GRAPH NEURAL NETWORK BASED MULTI-FEATURE FUSION FOR BUILDING CHANGE DETECTION
Keywords: Graph Neural Network, Feature extraction, Multi-feature fusion, Dense Image Matching, Building Change Detection, Node aggregation
Abstract. Building Change Detection (BCD) via multi-temporal remote sensing images is essential for various applications such as urban monitoring, urban planning, and disaster assessment. However, most building change detection approaches only extract features from different kinds of remote sensing images for change index determination, which can not determine the insignificant changes of small buildings. Given co-registered multi-temporal remote sensing images, the illumination variations and misregistration errors always lead to inaccurate change detection results.
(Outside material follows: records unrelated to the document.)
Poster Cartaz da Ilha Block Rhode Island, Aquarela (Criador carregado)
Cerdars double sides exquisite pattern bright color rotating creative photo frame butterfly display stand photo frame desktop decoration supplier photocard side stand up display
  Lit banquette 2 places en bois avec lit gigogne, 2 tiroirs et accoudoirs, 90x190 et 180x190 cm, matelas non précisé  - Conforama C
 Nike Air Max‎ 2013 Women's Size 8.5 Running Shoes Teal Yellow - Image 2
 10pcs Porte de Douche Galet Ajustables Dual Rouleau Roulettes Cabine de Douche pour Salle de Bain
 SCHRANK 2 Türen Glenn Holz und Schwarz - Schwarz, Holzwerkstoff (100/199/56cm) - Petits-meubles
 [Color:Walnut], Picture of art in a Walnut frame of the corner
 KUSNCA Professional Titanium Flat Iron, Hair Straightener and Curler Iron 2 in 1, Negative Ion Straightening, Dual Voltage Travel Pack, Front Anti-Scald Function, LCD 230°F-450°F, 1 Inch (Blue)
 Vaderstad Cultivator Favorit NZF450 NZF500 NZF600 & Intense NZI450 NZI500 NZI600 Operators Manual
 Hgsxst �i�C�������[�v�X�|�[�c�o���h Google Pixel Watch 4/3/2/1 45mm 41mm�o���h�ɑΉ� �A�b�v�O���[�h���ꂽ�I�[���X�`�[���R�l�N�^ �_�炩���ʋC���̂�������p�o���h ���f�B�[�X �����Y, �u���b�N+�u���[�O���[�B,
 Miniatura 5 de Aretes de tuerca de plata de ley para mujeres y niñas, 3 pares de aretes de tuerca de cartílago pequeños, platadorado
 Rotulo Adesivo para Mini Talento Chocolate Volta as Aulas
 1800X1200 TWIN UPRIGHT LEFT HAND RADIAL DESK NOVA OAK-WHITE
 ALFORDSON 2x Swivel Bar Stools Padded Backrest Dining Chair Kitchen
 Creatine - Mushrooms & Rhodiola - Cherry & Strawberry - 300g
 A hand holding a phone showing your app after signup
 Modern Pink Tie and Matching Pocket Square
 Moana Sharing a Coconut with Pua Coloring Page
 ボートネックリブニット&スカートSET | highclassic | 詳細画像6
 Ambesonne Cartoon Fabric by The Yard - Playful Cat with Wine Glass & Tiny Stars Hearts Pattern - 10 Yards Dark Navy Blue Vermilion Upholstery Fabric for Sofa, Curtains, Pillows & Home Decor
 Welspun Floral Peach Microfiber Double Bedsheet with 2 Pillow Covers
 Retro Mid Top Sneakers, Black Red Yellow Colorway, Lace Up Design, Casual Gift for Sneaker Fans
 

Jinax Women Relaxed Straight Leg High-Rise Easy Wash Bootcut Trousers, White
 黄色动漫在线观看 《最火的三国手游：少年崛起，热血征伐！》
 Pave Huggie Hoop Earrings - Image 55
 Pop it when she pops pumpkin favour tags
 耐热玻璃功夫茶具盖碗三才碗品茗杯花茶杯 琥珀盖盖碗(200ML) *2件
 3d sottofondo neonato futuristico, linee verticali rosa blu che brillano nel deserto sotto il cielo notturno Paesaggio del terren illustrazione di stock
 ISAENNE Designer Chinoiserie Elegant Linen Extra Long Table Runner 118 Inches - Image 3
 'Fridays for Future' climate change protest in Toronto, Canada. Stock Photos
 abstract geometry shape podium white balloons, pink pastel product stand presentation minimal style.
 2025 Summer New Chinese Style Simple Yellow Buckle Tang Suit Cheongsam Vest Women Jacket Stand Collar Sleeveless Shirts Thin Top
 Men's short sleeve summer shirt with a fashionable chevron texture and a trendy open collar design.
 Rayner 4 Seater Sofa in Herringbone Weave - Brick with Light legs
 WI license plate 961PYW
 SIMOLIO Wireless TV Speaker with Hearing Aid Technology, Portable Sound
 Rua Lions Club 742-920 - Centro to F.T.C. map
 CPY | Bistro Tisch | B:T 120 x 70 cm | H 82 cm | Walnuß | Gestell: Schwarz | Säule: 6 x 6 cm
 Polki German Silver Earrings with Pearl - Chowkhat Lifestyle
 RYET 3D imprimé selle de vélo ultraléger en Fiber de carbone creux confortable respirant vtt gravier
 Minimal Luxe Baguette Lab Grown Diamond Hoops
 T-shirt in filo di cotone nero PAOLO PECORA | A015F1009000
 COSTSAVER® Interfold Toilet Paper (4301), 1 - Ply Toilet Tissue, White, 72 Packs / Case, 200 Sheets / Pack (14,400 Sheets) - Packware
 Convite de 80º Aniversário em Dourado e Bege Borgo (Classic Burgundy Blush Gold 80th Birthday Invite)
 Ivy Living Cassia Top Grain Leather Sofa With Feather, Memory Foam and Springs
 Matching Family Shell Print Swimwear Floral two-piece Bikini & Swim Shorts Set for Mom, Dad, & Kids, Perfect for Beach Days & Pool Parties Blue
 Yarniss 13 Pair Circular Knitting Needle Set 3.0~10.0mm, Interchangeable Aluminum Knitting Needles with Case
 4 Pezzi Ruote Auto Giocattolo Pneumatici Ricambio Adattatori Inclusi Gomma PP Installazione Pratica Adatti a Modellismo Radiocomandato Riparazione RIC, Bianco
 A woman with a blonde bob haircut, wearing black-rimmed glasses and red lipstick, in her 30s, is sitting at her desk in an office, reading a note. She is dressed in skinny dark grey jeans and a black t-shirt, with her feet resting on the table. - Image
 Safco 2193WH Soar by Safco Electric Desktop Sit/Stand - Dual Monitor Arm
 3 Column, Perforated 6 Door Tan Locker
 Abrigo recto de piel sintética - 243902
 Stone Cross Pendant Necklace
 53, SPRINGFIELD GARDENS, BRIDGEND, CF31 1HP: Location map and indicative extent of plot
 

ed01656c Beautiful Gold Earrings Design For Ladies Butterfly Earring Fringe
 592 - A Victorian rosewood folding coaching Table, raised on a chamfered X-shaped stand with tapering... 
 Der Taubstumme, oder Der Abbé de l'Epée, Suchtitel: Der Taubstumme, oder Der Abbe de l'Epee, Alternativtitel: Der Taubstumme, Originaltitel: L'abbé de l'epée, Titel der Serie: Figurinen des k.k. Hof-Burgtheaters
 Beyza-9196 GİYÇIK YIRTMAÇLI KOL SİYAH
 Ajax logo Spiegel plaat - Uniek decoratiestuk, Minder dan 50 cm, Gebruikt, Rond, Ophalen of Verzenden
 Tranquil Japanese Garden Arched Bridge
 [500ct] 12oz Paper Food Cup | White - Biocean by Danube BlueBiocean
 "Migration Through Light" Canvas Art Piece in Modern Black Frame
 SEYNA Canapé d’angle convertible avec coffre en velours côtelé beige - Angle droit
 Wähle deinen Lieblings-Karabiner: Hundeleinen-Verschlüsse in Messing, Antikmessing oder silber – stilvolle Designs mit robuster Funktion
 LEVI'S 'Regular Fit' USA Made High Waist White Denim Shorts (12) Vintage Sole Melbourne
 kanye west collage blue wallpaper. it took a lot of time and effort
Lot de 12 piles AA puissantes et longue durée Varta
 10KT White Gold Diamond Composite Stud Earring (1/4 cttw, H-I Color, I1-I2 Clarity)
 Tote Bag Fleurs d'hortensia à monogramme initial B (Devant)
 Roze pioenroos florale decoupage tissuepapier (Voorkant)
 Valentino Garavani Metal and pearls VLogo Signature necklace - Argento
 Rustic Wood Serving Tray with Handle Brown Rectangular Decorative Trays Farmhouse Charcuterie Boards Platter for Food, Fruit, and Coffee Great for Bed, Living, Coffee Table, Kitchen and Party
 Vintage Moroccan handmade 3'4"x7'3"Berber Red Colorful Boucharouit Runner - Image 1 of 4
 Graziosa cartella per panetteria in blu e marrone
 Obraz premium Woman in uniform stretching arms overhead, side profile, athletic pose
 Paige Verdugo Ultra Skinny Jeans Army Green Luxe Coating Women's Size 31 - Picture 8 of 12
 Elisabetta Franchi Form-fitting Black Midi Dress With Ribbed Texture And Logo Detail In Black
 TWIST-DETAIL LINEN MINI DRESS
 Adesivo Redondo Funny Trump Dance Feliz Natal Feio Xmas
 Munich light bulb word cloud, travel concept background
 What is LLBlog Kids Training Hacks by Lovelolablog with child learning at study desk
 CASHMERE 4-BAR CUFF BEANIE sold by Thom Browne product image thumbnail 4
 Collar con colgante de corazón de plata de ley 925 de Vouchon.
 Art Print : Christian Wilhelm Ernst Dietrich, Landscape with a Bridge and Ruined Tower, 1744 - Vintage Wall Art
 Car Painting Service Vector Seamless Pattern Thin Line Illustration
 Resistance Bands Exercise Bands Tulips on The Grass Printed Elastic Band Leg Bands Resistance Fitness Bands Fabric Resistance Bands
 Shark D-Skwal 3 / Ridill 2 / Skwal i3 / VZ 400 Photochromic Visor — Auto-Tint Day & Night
This study investigates the applicability of multi-feature fusion from both directly extract 2D features from remote sensing images and 3D features extracted by the dense image matching (DIM) generated 3D point cloud for accurate building change index generation. This paper introduces a graph neural network (GNN) based end-to-end learning framework for building change detection. The proposed framework includes feature extraction, feature fusion, and change index prediction. It starts with a pre-trained VGG-16 network as a backend and uses U-net architecture with five layers for feature map extraction. The extracted 2D features and 3D features are utilized as input into GNN based feature fusion parts. In the GNN parts, we introduce a flexible context aggregation mechanism based on attention to address the illumination variations and misregistration errors, enabling the framework to reason about the image-based texture information and depth information introduced by DIM generated 3D point cloud jointly. After that, the GNN generated affinity matrix is utilized for change index determination through a Hungarian algorithm. The experiment conducted on a dataset that covered Setagaya-Ku, Tokyo area, shows that the proposed method generated change map achieved the precision of 0.762 and the F1-score of 0.68 at pixel-level. Compared to traditional image-based change detection methods, our approach learns prior over geometrical structure information from the real 3D world, which robust to the misregistration errors. Compared to CNN based methods, the proposed method learns to fuse 2D and 3D features together to represent more comprehensive information for building change index determination. The experimental comparison results demonstrated that the proposed approach outperforms the traditional methods and CNN based methods.